*WORK INSTRUCTIONS*: Restate word for word only the lines running from the one with "Colors of California Sandalen Roze 315710" to the end of the data, both ends included. Omit any pictures.

*SUPPLIED MATERIAL*:
____
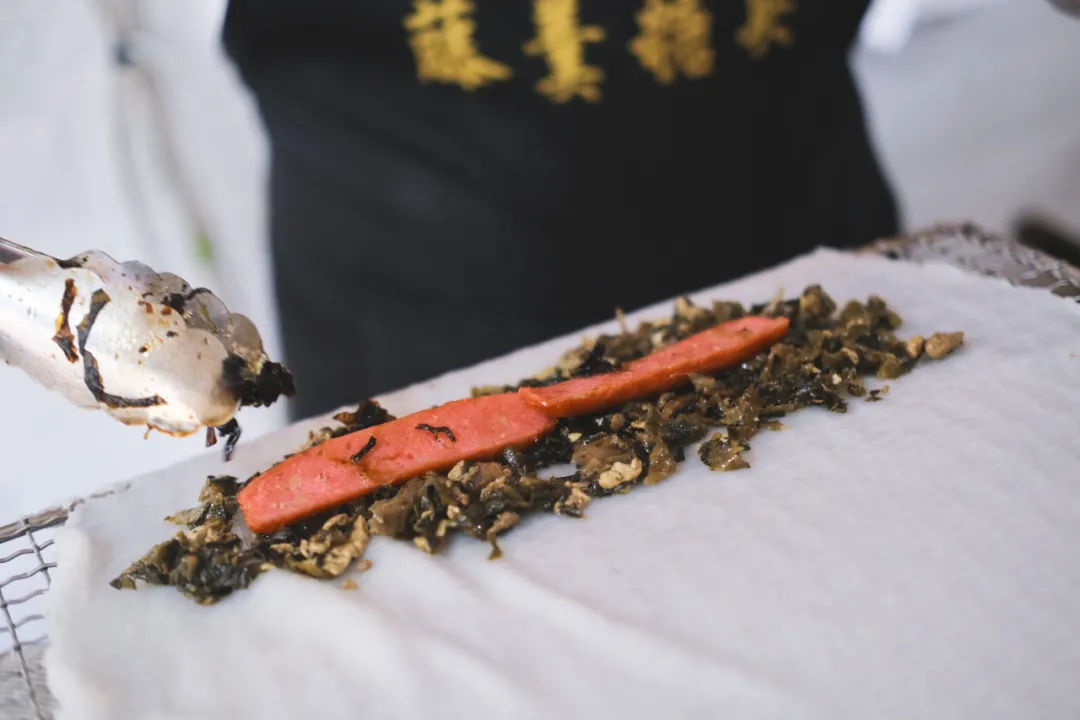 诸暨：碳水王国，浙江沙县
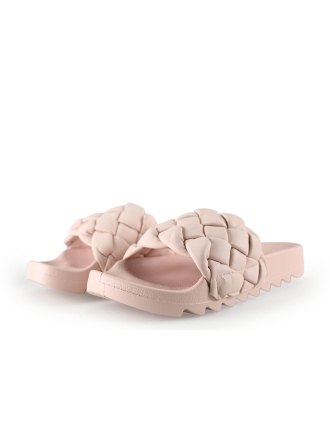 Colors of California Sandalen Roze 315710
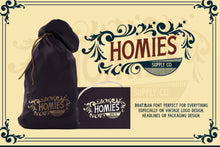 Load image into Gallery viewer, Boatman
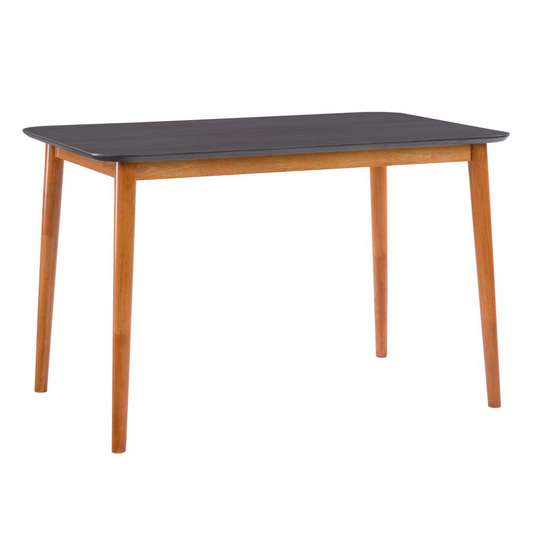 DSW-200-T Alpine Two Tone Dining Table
____
*WRITTEN REPLY*:
 Colors of California Sandalen Roze 315710
 Load image into Gallery viewer, Boatman
 DSW-200-T Alpine Two Tone Dining Table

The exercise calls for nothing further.